SUPPLIED MATERIAL.
##########

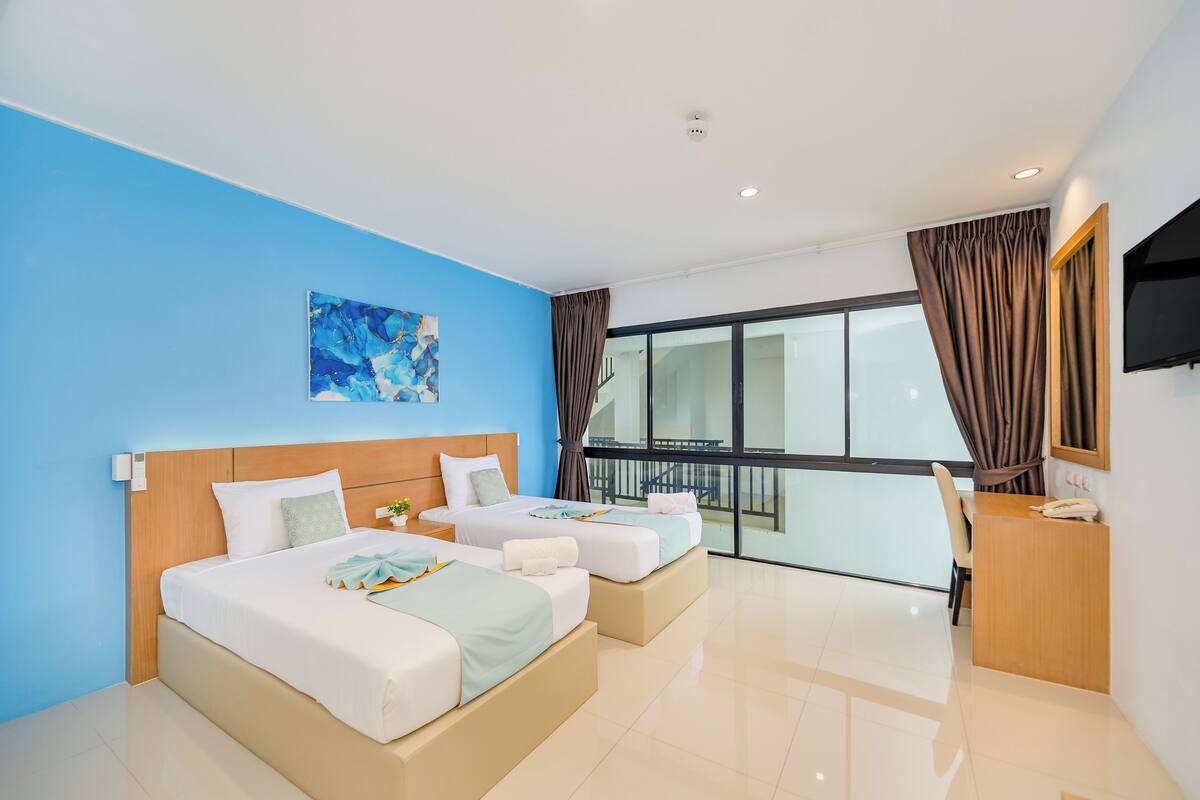 A modern hotel room with two beds, a desk, and a large window with curtains.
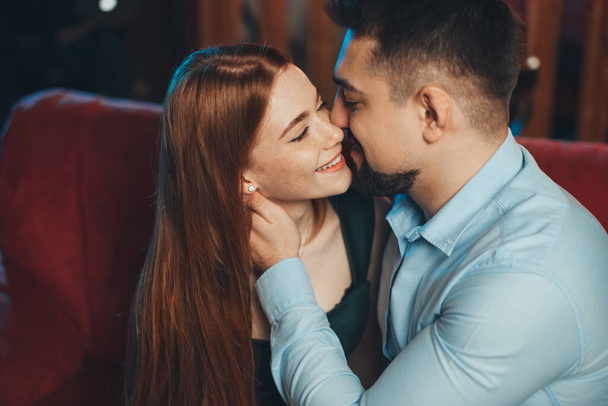 Close-up portrait of happy caucasian couple kissing and enjoying a good time together on valentine day on sofa. Couple celebrating Valentines Day, Womens Day - Photo, Image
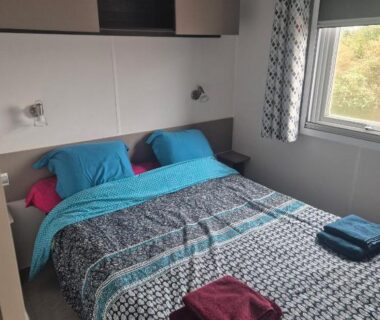 Chambre avec lit double et serviettes dans le Mobil-Home L'Escale MH34 Les Sables du Midi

##########

WHAT YOU HAVE TO DO.
The whole listing must come back verbatim, with no pictures included.

SOLUTION TO THE EXERCISE.
 A modern hotel room with two beds, a desk, and a large window with curtains.
 Close-up portrait of happy caucasian couple kissing and enjoying a good time together on valentine day on sofa. Couple celebrating Valentines Day, Womens Day - Photo, Image
 Chambre avec lit double et serviettes dans le Mobil-Home L'Escale MH34 Les Sables du Midi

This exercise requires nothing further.